Photo by Stephanie Landry

Karen St. Cyr connects visitors with a powerful part of B.R. history

It’s no secret that the early-19th-century European colonial powers liked planting their settlements along the Mississippi River, but they did not do so for the magnificent views. They chose the river because it was the best commercial artery on the continent.

The powerful waterway transported lumber and furs from Canada and tobacco, sugar and other crops from Louisiana via ships to France, Spain, England and other colonies.

The river remains a significant commercial artery to this day, and the Greater Baton Rouge Port Authority, located in Port Allen, provides companies river access and related amenities when they don’t have their own.

“We’re an intermodal hub” for commerce, Karen St. Cyr, a spokesperson for the port, explains to a group of teens and their leaders visiting the facility one summer morning.

The 19 students from Shiloh Missionary Baptist Church Foundation’s Summer Youth Enrichment, a career development program, have come to see what the port does and how it provides jobs and attracts industry to the area.

“Intermodal hub” is port-speak for a facility where ships, barges, trains and trucks all converge to offload or load goods, and where companies can store those goods while they are waiting. The 400-acre property is on the Mississippi, the Gulf Intracoastal Waterway, the Interstate and a crisscrossing web of rail lines. Its specialized terminals store petroleum products, timber, pipes, grains, wood pellets, sugar, molasses and other commodities. Also onsite are ancillary services, including a flour mill, Community Coffee’s roaster and a bulk packaging facility.

Touring folks through the port is one of St. Cyr’s responsibilities, arranged for any group with a few clicks on the port’s website. She has welcomed everyone from elementary school children to Rotary clubs, but she concedes that port security has been vastly tightened since 9/11. Fishermen can no longer cast a line from the port’s levee, bikers can’t ride on the port’s roadways, and port visitors can only leave their touring bus at a single specified stop.

The tour that begins at the contemporary Maritime Security Operations building is nevertheless informative. From a third-floor balcony overlooking the river, the students watch a high-riding freighter steam downriver, a muscular tug chuff upriver behind a long tow, and several small tugboats nose in at the port’s dock.

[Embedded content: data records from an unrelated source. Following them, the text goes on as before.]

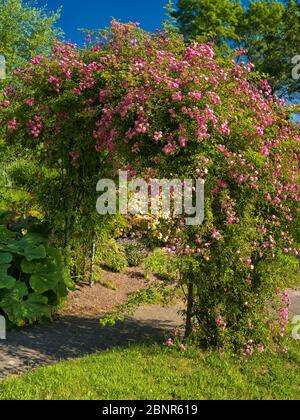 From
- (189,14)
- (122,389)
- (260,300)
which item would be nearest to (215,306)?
(260,300)

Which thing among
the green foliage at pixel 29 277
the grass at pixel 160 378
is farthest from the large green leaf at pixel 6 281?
the grass at pixel 160 378

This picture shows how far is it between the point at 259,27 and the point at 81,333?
27.3 meters

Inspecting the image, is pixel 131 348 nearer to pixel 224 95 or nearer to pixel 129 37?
pixel 224 95

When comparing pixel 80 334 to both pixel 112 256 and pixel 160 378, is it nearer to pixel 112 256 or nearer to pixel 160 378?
pixel 160 378

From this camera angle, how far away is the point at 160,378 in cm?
481

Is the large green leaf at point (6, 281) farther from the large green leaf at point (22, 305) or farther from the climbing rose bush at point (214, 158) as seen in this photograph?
the climbing rose bush at point (214, 158)

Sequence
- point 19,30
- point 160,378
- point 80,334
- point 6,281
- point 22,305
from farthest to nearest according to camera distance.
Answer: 1. point 19,30
2. point 80,334
3. point 22,305
4. point 6,281
5. point 160,378

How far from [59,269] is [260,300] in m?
2.67

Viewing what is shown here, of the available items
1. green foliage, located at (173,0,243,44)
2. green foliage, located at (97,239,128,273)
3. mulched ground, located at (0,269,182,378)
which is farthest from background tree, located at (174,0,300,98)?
mulched ground, located at (0,269,182,378)

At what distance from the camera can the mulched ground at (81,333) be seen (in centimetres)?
561

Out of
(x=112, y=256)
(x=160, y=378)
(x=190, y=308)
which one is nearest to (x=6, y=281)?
(x=190, y=308)

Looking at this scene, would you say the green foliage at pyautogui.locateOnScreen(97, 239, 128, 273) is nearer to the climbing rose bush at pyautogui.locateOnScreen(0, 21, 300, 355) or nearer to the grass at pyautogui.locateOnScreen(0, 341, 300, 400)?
the climbing rose bush at pyautogui.locateOnScreen(0, 21, 300, 355)

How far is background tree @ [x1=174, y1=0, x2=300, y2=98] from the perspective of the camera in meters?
29.5

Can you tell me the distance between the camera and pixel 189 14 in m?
31.0
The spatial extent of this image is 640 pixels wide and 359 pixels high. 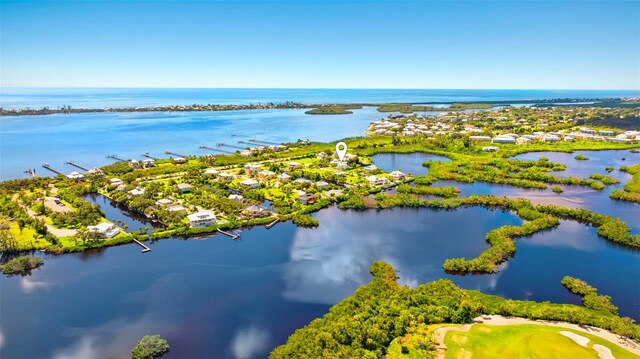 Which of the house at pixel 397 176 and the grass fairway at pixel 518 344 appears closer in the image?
the grass fairway at pixel 518 344

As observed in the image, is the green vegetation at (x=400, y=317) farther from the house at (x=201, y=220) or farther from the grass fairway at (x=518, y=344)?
the house at (x=201, y=220)

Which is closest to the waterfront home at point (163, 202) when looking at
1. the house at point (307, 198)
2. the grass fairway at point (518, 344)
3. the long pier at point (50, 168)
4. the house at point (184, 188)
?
the house at point (184, 188)

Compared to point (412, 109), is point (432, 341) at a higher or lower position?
lower

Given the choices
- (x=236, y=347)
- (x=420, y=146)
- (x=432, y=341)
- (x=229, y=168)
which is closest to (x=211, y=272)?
(x=236, y=347)

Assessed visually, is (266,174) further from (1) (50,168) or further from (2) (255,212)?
(1) (50,168)

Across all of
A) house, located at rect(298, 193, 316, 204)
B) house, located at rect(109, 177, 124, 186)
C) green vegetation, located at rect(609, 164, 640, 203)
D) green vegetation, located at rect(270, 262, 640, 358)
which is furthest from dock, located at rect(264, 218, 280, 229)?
green vegetation, located at rect(609, 164, 640, 203)

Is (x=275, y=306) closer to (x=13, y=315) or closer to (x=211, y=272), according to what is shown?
(x=211, y=272)

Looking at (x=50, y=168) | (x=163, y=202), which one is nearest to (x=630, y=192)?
(x=163, y=202) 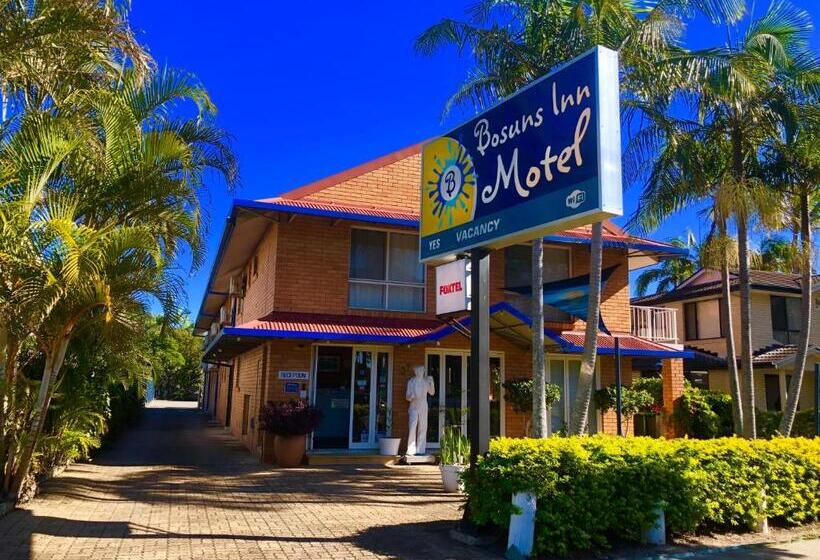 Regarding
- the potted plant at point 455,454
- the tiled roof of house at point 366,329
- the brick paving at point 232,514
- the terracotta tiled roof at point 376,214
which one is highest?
the terracotta tiled roof at point 376,214

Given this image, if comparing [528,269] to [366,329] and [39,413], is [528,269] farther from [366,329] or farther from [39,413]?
[39,413]

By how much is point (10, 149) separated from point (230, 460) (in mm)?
8637

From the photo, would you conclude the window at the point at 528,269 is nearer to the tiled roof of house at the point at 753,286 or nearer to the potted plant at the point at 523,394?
the potted plant at the point at 523,394

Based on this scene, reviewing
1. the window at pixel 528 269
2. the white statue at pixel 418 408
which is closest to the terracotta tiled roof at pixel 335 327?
the white statue at pixel 418 408

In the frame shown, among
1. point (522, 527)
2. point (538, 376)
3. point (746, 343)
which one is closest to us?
point (522, 527)

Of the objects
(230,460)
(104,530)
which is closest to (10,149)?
(104,530)

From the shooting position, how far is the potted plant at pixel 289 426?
43.1 feet

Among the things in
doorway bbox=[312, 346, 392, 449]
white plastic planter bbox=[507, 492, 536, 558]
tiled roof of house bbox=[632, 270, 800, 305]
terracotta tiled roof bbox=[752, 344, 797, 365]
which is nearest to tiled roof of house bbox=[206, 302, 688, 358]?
doorway bbox=[312, 346, 392, 449]

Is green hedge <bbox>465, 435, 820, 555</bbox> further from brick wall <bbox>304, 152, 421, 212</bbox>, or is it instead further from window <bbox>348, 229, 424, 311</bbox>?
brick wall <bbox>304, 152, 421, 212</bbox>

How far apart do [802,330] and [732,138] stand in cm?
405

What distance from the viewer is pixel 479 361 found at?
7.54 m

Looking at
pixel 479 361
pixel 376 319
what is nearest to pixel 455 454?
pixel 479 361

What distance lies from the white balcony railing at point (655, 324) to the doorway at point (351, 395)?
7640 mm

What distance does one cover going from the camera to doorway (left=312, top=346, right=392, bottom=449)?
14.6 metres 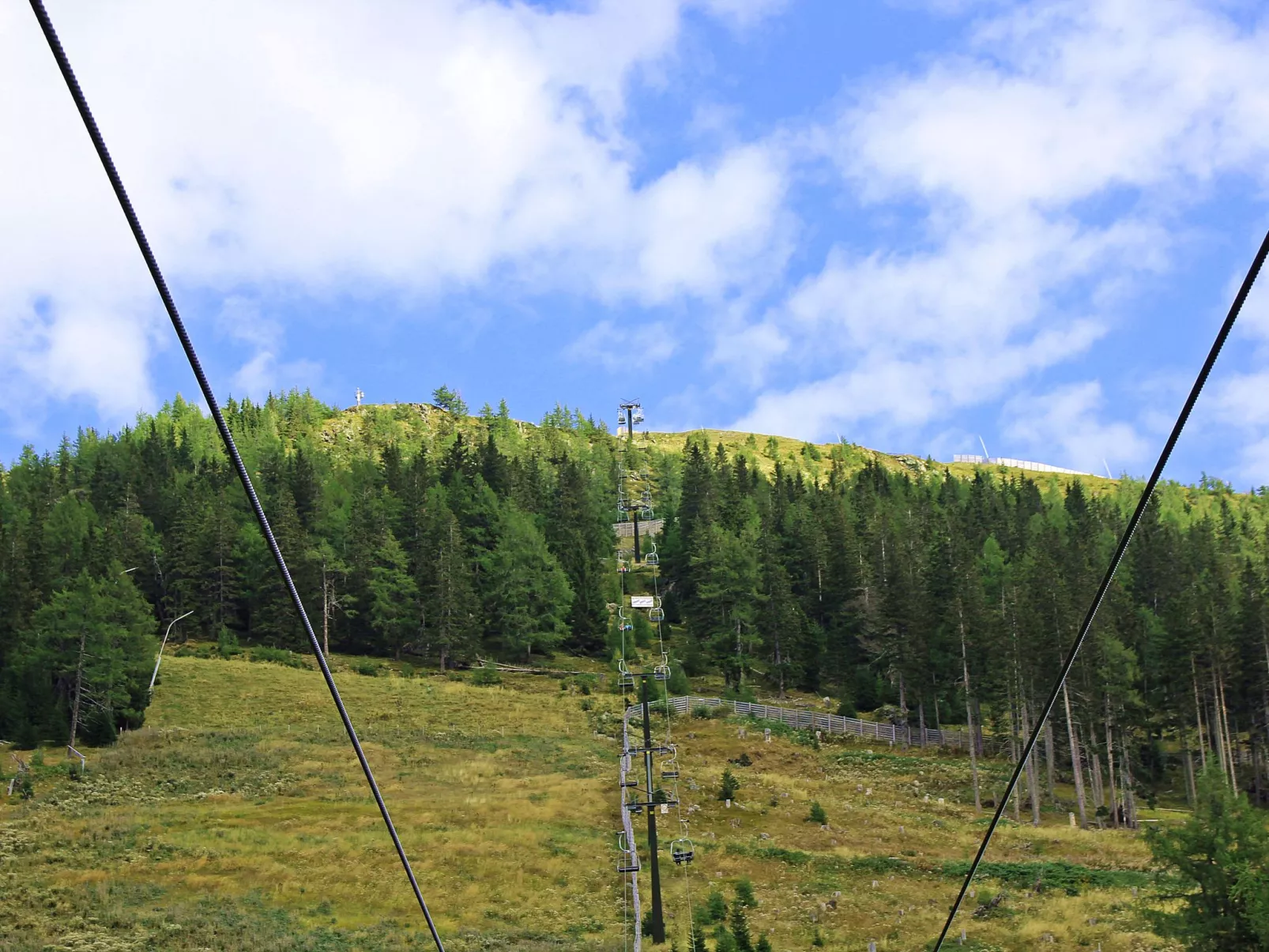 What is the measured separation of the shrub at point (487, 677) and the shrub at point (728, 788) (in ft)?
96.3

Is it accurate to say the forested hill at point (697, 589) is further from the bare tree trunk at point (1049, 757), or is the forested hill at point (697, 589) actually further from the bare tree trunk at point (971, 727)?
the bare tree trunk at point (1049, 757)

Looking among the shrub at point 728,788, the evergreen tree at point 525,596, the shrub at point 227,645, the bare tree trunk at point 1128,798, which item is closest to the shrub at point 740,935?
the shrub at point 728,788

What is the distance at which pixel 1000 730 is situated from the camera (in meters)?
80.2

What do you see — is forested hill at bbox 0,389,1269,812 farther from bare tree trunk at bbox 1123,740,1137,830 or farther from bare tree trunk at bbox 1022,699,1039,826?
bare tree trunk at bbox 1022,699,1039,826

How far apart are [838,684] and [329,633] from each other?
40999mm

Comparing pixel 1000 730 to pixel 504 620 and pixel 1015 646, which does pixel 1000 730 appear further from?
pixel 504 620

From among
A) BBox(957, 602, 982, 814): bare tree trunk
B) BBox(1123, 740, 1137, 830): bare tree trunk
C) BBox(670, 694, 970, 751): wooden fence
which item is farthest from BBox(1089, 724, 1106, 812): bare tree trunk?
BBox(670, 694, 970, 751): wooden fence

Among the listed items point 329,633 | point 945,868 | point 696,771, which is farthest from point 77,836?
point 329,633

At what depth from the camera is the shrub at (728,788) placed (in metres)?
60.5

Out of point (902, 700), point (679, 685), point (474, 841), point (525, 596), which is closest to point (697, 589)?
point (525, 596)

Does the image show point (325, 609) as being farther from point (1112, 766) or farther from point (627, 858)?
point (1112, 766)

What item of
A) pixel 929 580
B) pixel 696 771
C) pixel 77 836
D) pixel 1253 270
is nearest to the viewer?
pixel 1253 270

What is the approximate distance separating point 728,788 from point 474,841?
15.9 m

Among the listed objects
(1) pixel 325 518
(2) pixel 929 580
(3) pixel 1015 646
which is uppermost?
(1) pixel 325 518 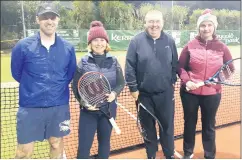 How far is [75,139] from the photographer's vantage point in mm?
2840

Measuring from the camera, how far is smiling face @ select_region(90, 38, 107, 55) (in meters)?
1.71

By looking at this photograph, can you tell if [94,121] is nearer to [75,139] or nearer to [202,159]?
[202,159]

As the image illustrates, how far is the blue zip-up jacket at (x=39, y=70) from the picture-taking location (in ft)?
5.39

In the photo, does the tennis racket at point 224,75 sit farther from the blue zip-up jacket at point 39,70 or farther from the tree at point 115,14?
the tree at point 115,14

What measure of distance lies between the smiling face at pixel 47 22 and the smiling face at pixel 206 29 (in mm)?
943

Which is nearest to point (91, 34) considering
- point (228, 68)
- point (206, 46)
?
point (206, 46)

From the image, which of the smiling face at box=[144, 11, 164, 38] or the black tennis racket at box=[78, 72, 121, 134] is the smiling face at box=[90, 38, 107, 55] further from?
the smiling face at box=[144, 11, 164, 38]

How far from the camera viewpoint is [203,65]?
75.7 inches

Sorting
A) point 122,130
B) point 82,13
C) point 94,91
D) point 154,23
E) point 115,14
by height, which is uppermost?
point 82,13

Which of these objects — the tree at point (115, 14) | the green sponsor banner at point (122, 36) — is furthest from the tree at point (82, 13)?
the green sponsor banner at point (122, 36)

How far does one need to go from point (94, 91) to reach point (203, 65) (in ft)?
2.42

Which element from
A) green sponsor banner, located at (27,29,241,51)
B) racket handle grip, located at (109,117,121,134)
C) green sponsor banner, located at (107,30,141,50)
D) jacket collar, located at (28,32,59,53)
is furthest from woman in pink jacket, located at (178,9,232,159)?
green sponsor banner, located at (107,30,141,50)

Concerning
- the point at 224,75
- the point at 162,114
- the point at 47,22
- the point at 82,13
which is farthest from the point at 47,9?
the point at 82,13

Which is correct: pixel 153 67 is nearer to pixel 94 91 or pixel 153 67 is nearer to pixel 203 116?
pixel 94 91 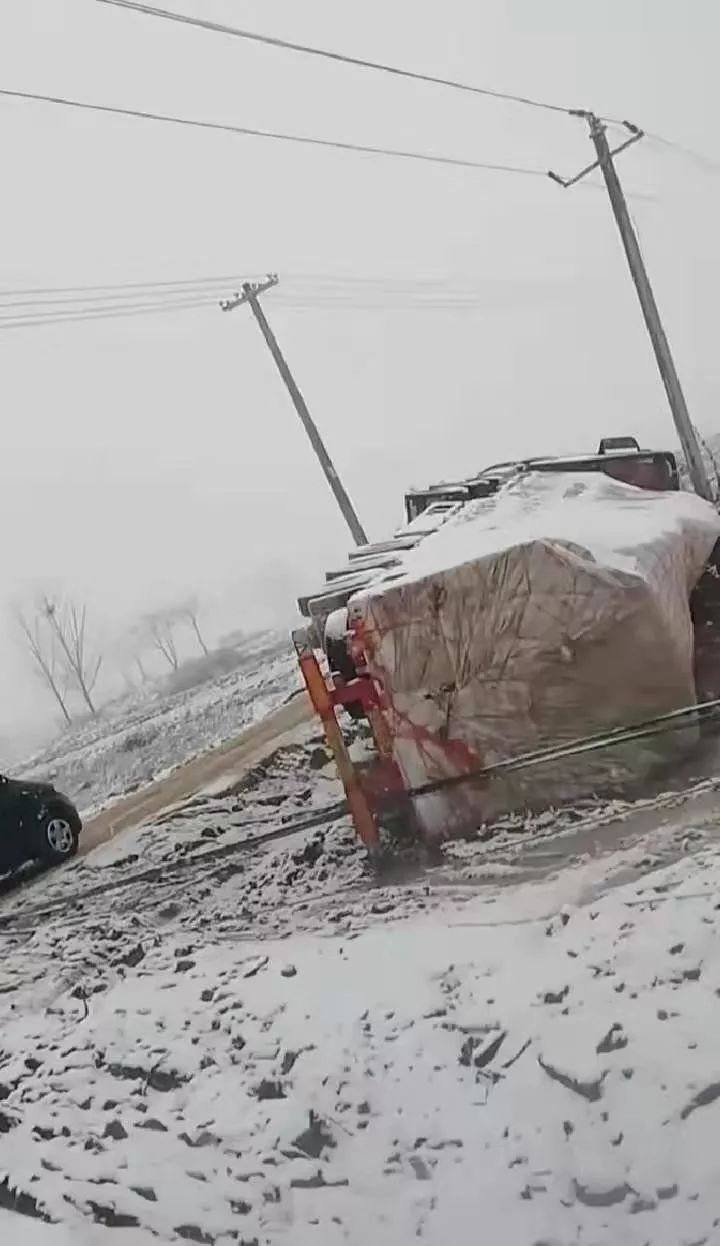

St. Cyr explains that the port actually extends from the Sunshine Bridge to north of Southern University. After showing an informational video, she leads the group to the command center for Maritime Security. Its heart is a digital console with wall-mounted screens to cover emergency responses to problems on the river or other waterways. With no problems at hand, the National Guardsman on duty demonstrates the computer tracking system that can follow every vessel from the mouth of the Mississippi to the port. He clicks on one of the numerous data points, revealing detailed information about that ship.

The group returns to Shiloh’s white bus, which crawls along in the wake of a port security car past huge grain elevators (handling six million tons a year), a grid of cylindrical storage terminals carrying molasses and onto the cargo dock. At 50 feet high, it exceeds any possible level of flooding. Today its cranes seem idle.

“The port works when there’s something to do,” St. Cyr says. “But that’s any time of day—including night.”

The single stop is inside a dimly lit, cavernous corrugated metal warehouse that smells like a sugar mill—the sugar distribution facility.
“We can store 80,000 tons of sugar here,” St. Cyr tells her visitors as a gaggle of them leave the bus to approach a 20-foot-high dune of packed brown crystals. They track sugar like beach sand back onto the bus.

Beyond the sugar warehouse are two surreal white domes, inflated storage terminals that hold wood pellets, a substitute fuel for coal.
The tour of the sprawling industrial site ends without a survey of the students to discover if any of them, including the young man who wanted to be a funeral director and several would-be attorneys, have redefined their career plans.

Whether or not the Port of Greater Baton Rouge has picked up some future employees, the students leave with an appreciation for how commerce on the Mississippi evolved—and a big piece of why Baton Rouge was born.